Aim of the task →
Print each line from the start of the records below up through the line where "moudlin Men Regular" is found, exactly as given.

Items listed in a dataset:
________________________
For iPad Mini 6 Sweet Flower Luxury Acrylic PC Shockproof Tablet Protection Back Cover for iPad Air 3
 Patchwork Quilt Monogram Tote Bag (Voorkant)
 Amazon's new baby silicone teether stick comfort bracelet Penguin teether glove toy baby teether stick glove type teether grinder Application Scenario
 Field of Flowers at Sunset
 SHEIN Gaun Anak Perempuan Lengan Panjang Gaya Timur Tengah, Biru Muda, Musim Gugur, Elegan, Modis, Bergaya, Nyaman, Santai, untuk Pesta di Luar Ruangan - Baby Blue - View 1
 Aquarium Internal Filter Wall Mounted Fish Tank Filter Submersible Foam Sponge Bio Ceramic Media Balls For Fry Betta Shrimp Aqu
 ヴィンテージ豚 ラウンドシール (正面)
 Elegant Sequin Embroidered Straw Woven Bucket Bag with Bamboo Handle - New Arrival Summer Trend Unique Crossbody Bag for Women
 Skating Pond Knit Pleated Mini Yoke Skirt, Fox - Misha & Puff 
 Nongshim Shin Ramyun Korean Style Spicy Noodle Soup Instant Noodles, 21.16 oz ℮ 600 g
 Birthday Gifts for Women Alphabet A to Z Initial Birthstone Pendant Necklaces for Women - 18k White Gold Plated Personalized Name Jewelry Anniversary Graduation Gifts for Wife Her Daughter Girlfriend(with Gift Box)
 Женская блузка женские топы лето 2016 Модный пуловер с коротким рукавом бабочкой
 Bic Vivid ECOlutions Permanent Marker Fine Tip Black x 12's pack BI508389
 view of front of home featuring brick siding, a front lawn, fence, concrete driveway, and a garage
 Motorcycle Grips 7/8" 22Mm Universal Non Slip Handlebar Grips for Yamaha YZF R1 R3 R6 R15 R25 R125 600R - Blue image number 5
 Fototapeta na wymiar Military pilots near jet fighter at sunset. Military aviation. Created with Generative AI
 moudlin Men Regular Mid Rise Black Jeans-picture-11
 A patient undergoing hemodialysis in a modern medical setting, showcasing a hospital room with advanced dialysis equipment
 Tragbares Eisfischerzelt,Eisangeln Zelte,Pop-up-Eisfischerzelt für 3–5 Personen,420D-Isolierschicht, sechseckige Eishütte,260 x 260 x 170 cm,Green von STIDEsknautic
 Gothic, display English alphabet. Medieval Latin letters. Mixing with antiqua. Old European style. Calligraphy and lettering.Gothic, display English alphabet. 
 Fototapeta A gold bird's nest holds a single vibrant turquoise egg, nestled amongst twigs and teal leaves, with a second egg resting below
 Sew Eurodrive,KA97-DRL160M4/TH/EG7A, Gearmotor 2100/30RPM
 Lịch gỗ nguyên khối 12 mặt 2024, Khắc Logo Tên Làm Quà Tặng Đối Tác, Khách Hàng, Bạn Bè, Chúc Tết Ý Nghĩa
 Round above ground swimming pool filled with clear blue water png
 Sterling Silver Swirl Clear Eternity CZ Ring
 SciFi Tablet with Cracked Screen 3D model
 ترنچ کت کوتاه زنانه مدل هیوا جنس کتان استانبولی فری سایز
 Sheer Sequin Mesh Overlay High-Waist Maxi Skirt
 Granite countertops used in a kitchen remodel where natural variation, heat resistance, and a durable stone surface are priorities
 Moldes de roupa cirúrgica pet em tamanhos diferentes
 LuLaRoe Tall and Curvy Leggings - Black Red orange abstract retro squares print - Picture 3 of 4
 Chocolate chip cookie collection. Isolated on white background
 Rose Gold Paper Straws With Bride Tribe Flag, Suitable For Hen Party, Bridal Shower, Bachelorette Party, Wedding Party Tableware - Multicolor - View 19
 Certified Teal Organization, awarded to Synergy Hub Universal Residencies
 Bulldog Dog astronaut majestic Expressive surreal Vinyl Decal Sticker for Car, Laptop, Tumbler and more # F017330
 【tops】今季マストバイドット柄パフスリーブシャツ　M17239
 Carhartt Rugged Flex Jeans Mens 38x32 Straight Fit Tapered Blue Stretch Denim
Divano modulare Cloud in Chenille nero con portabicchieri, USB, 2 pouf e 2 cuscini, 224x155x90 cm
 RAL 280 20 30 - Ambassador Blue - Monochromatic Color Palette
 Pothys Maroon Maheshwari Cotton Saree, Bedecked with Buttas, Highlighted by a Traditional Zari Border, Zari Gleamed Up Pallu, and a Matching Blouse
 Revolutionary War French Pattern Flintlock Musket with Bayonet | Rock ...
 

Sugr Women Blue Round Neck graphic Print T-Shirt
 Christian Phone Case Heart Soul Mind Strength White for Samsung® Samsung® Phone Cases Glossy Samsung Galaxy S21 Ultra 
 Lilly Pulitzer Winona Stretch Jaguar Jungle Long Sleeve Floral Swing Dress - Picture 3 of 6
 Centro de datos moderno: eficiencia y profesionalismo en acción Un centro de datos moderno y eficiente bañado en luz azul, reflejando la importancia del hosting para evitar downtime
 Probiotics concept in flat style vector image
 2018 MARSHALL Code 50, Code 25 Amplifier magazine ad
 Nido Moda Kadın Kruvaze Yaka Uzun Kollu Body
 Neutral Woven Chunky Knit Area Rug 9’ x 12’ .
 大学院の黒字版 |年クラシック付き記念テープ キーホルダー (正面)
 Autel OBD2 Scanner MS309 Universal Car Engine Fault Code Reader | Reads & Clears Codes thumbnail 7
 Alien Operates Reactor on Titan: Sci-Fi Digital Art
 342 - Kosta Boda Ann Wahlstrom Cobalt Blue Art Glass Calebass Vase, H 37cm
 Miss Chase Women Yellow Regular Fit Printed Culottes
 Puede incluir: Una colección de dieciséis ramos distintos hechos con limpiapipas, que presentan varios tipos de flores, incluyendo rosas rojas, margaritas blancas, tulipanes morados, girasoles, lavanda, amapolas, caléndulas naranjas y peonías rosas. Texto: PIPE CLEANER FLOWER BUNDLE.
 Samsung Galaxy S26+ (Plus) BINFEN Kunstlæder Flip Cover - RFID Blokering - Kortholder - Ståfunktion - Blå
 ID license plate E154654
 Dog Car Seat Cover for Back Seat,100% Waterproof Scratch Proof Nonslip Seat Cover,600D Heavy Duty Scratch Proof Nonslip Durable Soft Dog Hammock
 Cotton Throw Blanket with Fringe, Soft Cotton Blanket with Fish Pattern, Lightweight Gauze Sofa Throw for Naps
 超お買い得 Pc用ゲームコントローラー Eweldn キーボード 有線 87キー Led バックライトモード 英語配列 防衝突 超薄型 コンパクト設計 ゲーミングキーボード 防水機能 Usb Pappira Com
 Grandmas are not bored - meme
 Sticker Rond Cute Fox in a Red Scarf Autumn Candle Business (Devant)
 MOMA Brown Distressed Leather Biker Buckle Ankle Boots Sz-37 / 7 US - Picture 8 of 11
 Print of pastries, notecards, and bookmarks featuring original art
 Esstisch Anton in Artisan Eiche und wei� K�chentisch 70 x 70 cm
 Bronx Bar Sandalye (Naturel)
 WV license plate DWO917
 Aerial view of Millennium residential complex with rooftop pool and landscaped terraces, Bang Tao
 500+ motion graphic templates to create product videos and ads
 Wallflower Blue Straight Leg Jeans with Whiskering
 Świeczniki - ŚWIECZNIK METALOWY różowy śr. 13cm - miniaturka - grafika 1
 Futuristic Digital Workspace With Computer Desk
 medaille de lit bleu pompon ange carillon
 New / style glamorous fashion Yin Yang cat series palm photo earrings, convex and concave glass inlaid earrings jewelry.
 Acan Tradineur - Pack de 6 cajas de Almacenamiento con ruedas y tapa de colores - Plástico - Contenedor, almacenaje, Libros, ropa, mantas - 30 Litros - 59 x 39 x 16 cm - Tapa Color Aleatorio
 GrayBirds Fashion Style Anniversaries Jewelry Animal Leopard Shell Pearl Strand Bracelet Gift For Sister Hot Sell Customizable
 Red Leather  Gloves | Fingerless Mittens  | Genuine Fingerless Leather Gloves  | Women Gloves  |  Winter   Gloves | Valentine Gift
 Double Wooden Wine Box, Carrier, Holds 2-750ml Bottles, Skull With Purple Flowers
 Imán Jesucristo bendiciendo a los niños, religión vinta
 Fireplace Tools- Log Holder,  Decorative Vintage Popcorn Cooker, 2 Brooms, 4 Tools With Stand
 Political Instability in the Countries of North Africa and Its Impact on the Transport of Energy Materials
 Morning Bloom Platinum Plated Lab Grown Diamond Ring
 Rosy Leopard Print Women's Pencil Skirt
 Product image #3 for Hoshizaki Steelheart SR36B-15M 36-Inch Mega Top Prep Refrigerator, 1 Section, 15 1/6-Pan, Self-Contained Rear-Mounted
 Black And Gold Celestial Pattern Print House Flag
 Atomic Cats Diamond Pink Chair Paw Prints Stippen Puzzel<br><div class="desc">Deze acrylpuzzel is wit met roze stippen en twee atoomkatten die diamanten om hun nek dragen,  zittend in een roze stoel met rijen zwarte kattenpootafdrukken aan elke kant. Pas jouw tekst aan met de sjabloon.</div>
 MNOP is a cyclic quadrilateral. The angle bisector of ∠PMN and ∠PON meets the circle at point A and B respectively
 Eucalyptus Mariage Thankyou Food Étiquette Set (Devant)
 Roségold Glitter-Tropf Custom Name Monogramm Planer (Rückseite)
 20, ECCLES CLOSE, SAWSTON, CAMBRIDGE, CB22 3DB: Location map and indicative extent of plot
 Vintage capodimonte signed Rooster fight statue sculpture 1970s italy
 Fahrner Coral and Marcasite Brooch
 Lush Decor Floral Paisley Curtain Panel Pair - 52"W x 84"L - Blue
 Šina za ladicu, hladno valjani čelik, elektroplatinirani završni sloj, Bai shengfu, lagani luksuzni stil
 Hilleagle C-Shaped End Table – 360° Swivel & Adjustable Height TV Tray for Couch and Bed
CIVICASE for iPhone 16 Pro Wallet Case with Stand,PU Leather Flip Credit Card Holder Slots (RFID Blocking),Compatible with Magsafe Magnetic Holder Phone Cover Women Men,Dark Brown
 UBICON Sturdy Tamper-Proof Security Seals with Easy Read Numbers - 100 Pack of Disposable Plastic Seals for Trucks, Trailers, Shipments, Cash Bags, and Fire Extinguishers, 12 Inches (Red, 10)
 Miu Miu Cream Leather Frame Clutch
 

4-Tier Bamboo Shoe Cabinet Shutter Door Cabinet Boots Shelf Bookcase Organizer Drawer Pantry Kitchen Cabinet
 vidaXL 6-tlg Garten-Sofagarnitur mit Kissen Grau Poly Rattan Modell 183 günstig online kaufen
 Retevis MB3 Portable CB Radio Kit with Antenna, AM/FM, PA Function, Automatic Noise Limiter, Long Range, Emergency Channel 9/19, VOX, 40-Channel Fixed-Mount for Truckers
________________________
Response for this exercise →
For iPad Mini 6 Sweet Flower Luxury Acrylic PC Shockproof Tablet Protection Back Cover for iPad Air 3
 Patchwork Quilt Monogram Tote Bag (Voorkant)
 Amazon's new baby silicone teether stick comfort bracelet Penguin teether glove toy baby teether stick glove type teether grinder Application Scenario
 Field of Flowers at Sunset
 SHEIN Gaun Anak Perempuan Lengan Panjang Gaya Timur Tengah, Biru Muda, Musim Gugur, Elegan, Modis, Bergaya, Nyaman, Santai, untuk Pesta di Luar Ruangan - Baby Blue - View 1
 Aquarium Internal Filter Wall Mounted Fish Tank Filter Submersible Foam Sponge Bio Ceramic Media Balls For Fry Betta Shrimp Aqu
 ヴィンテージ豚 ラウンドシール (正面)
 Elegant Sequin Embroidered Straw Woven Bucket Bag with Bamboo Handle - New Arrival Summer Trend Unique Crossbody Bag for Women
 Skating Pond Knit Pleated Mini Yoke Skirt, Fox - Misha & Puff 
 Nongshim Shin Ramyun Korean Style Spicy Noodle Soup Instant Noodles, 21.16 oz ℮ 600 g
 Birthday Gifts for Women Alphabet A to Z Initial Birthstone Pendant Necklaces for Women - 18k White Gold Plated Personalized Name Jewelry Anniversary Graduation Gifts for Wife Her Daughter Girlfriend(with Gift Box)
 Женская блузка женские топы лето 2016 Модный пуловер с коротким рукавом бабочкой
 Bic Vivid ECOlutions Permanent Marker Fine Tip Black x 12's pack BI508389
 view of front of home featuring brick siding, a front lawn, fence, concrete driveway, and a garage
 Motorcycle Grips 7/8" 22Mm Universal Non Slip Handlebar Grips for Yamaha YZF R1 R3 R6 R15 R25 R125 600R - Blue image number 5
 Fototapeta na wymiar Military pilots near jet fighter at sunset. Military aviation. Created with Generative AI
 moudlin Men Regular Mid Rise Black Jeans-picture-11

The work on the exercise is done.